## What you have to do
Repeat each entry word for word. Leave any images out of the copy.

**** Input data ****

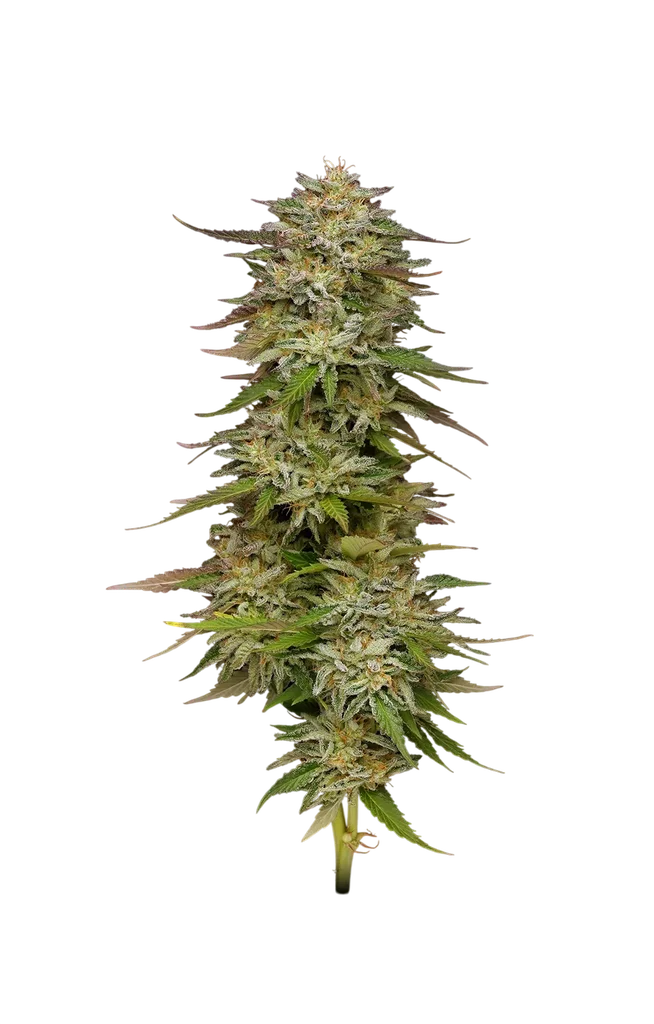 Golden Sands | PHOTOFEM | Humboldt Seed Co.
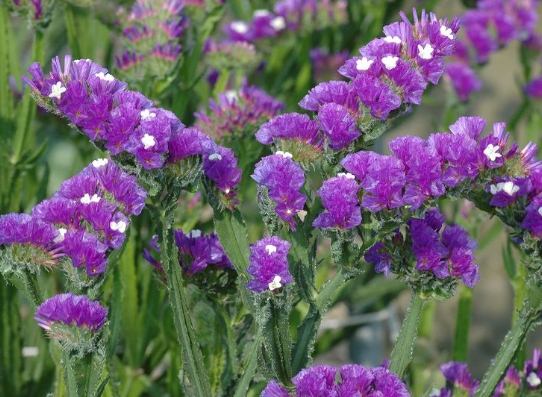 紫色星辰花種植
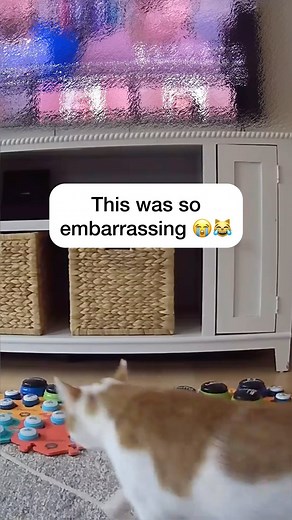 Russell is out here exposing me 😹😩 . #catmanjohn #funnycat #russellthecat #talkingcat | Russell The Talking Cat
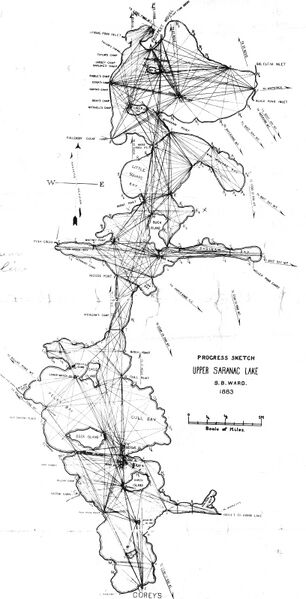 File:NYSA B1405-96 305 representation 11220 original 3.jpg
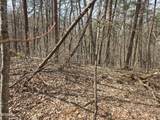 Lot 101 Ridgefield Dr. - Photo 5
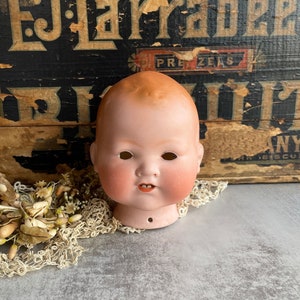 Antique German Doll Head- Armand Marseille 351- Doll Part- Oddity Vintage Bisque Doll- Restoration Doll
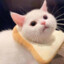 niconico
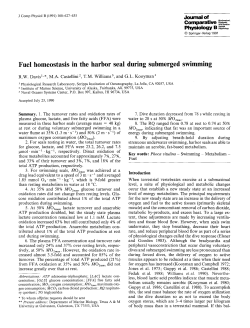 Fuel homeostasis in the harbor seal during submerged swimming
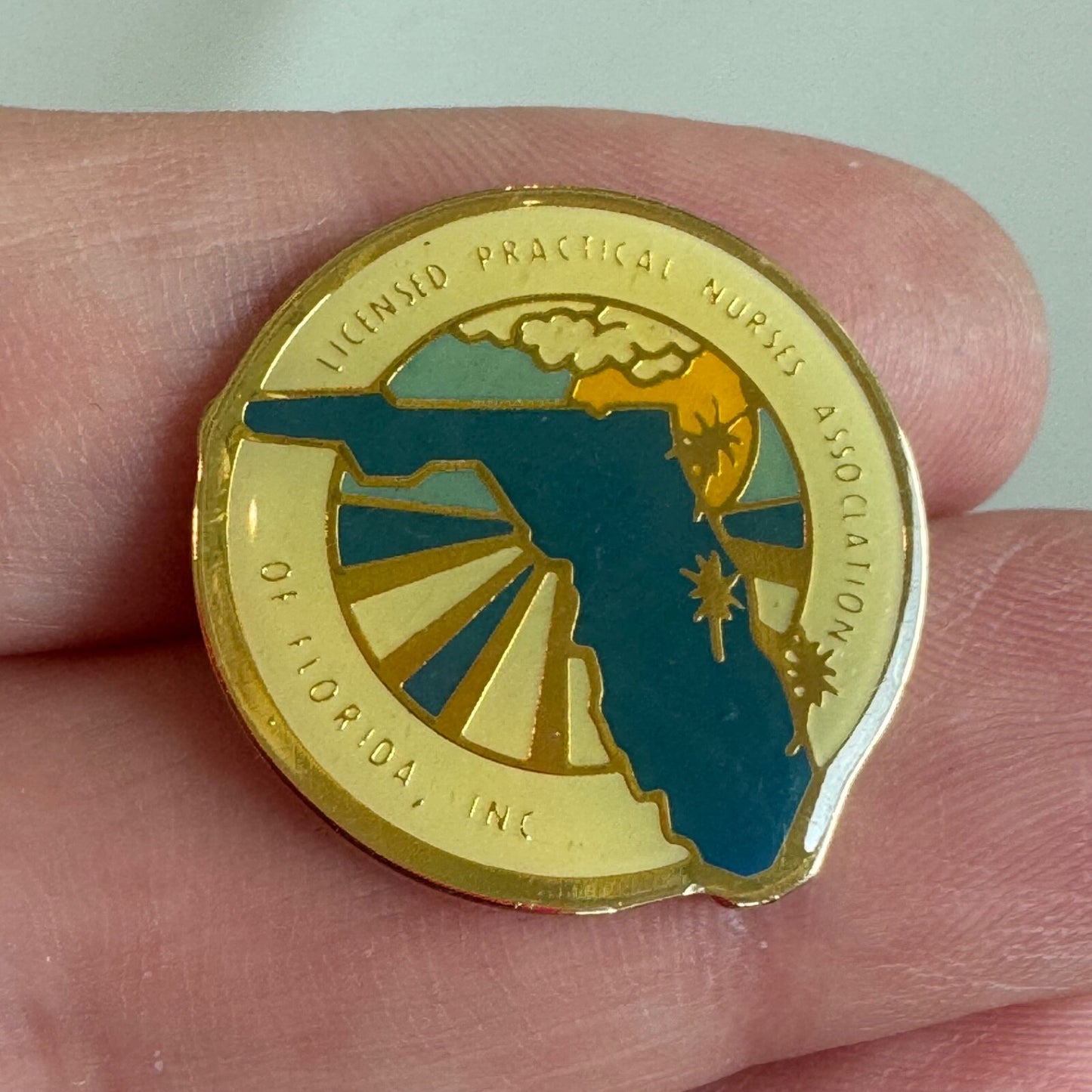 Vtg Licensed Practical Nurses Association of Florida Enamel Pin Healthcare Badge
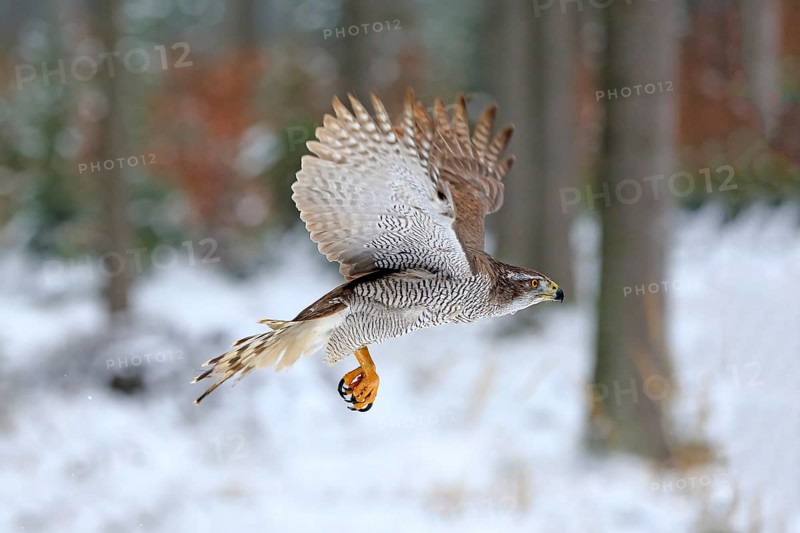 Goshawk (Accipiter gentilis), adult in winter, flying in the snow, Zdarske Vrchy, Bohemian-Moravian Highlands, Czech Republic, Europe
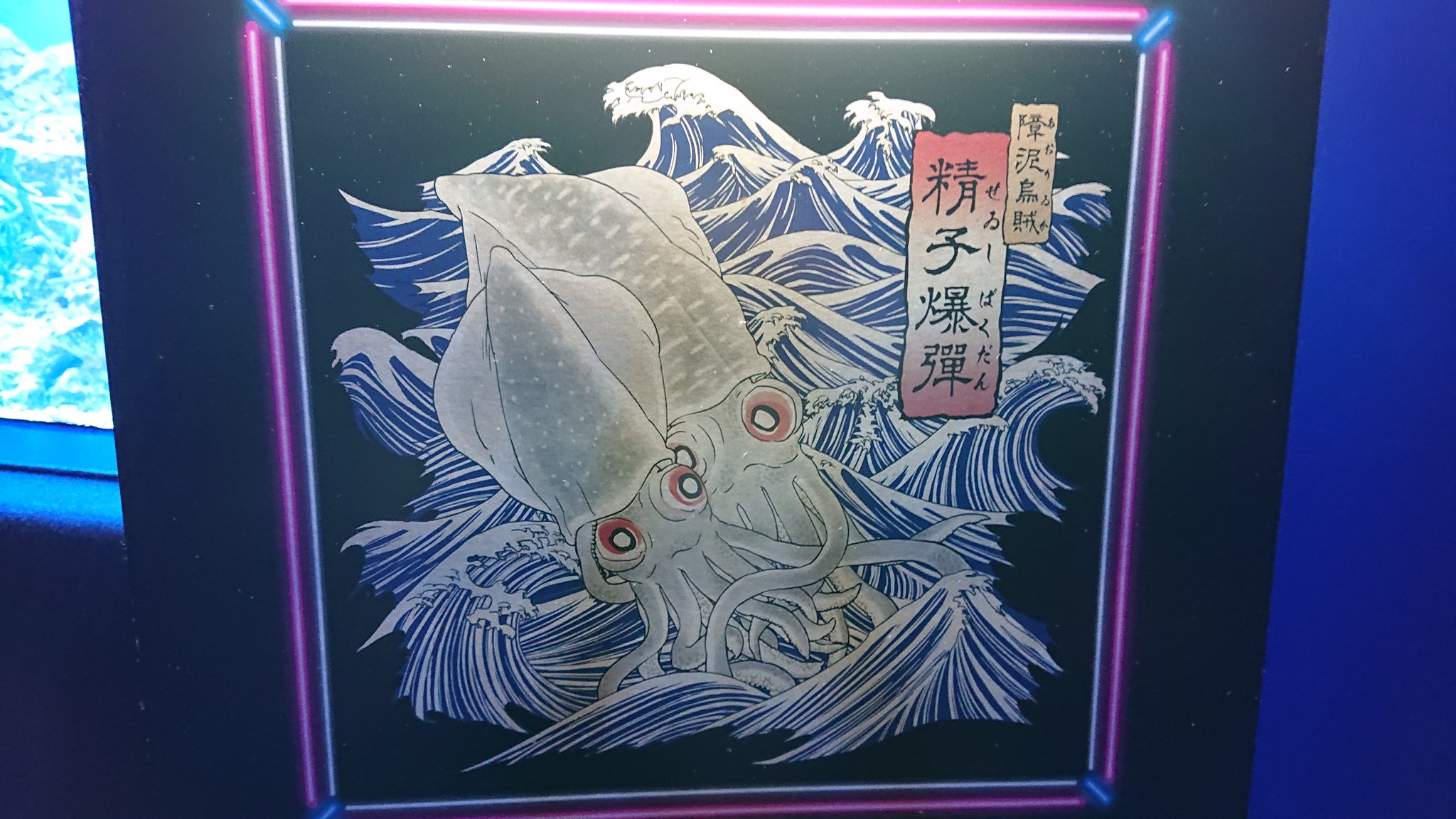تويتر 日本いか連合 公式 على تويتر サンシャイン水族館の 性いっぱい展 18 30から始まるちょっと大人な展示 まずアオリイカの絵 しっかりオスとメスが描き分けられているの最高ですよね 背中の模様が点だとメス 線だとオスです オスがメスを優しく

****

## Answer section
 Golden Sands | PHOTOFEM | Humboldt Seed Co.
 紫色星辰花種植
 Russell is out here exposing me 😹😩 . #catmanjohn #funnycat #russellthecat #talkingcat | Russell The Talking Cat
 File:NYSA B1405-96 305 representation 11220 original 3.jpg
 Lot 101 Ridgefield Dr. - Photo 5
 Antique German Doll Head- Armand Marseille 351- Doll Part- Oddity Vintage Bisque Doll- Restoration Doll
 niconico
 Fuel homeostasis in the harbor seal during submerged swimming
 Vtg Licensed Practical Nurses Association of Florida Enamel Pin Healthcare Badge
 Goshawk (Accipiter gentilis), adult in winter, flying in the snow, Zdarske Vrchy, Bohemian-Moravian Highlands, Czech Republic, Europe
تويتر 日本いか連合 公式 على تويتر サンシャイン水族館の 性いっぱい展 18 30から始まるちょっと大人な展示 まずアオリイカの絵 しっかりオスとメスが描き分けられているの最高ですよね 背中の模様が点だとメス 線だとオスです オスがメスを優しく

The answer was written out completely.